## INPUT DATA

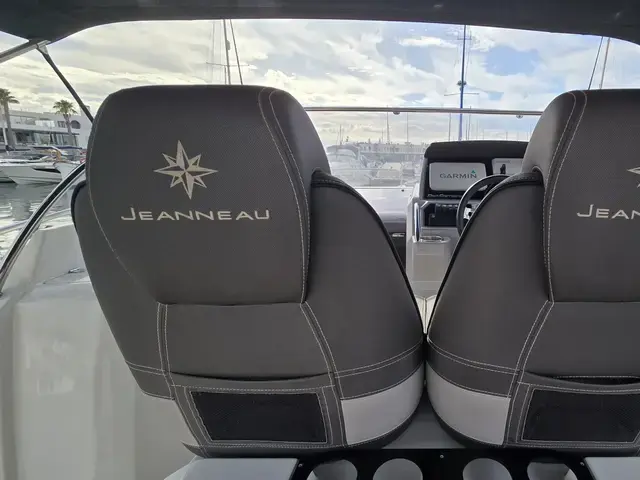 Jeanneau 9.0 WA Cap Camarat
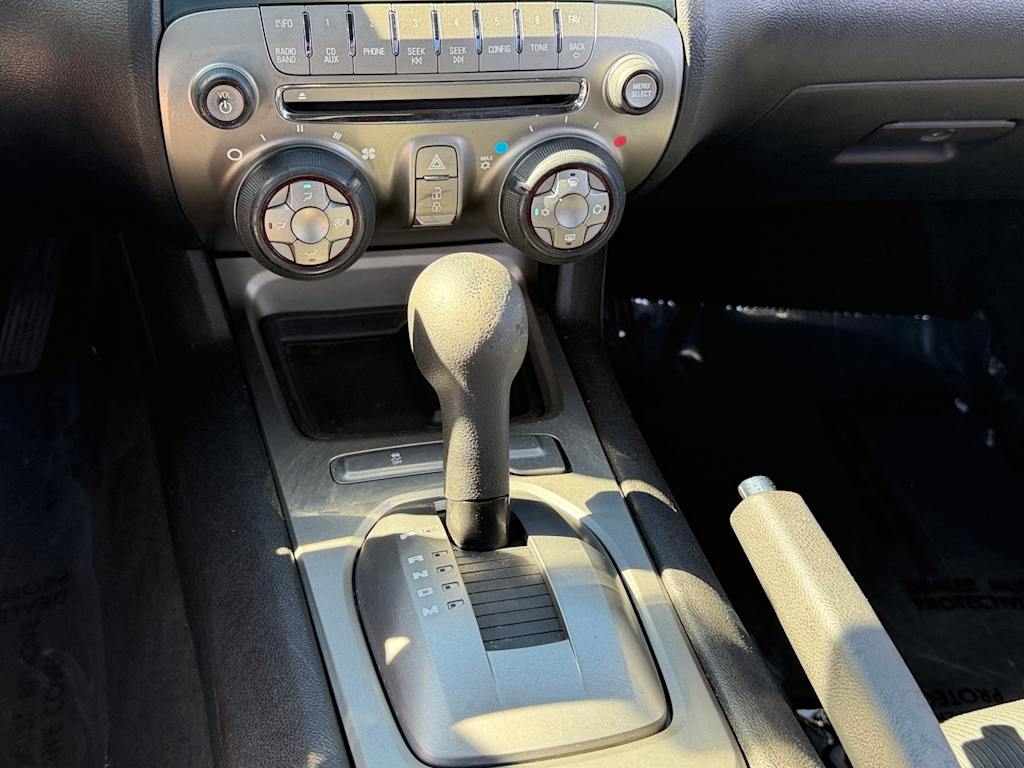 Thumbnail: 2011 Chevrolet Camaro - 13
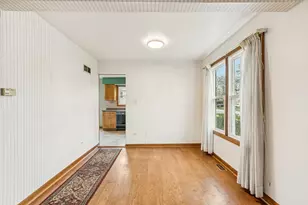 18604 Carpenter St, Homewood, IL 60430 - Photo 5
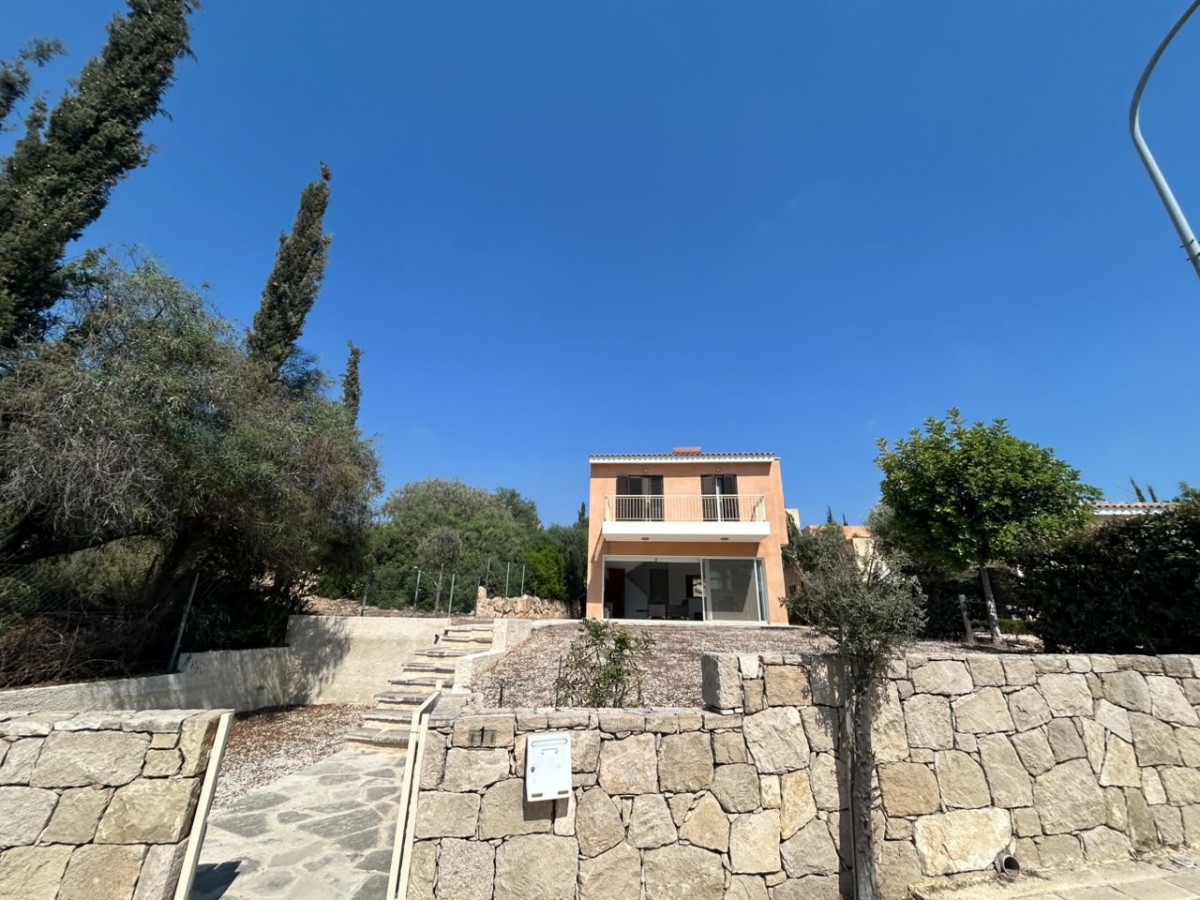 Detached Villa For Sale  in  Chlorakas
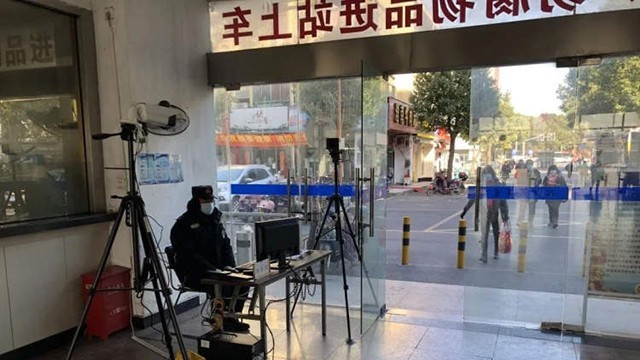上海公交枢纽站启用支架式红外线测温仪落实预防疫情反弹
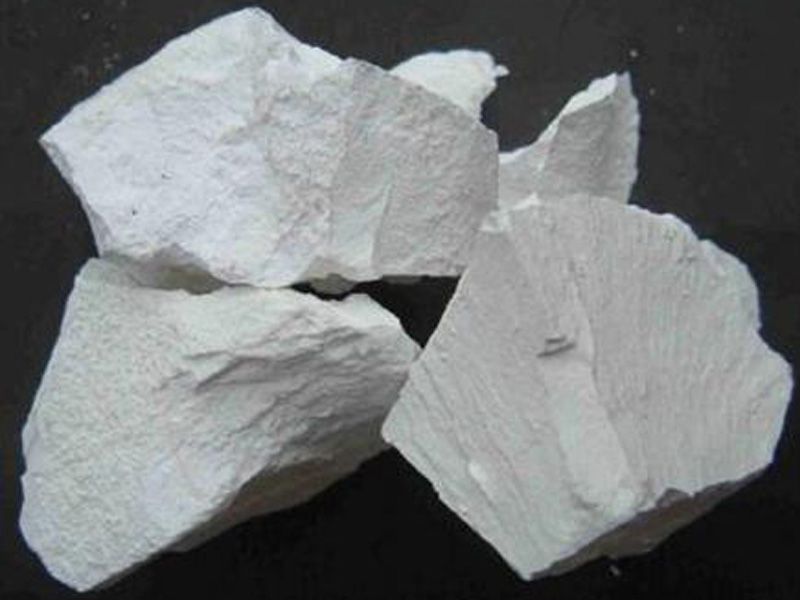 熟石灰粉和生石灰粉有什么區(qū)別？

## EXERCISE DESCRIPTION
Return all records exactly as they stand above, except for pictures.

## RESPONSE TO THIS EXERCISE
 Jeanneau 9.0 WA Cap Camarat
 Thumbnail: 2011 Chevrolet Camaro - 13
 18604 Carpenter St, Homewood, IL 60430 - Photo 5
 Detached Villa For Sale  in  Chlorakas
上海公交枢纽站启用支架式红外线测温仪落实预防疫情反弹
 熟石灰粉和生石灰粉有什么區(qū)別？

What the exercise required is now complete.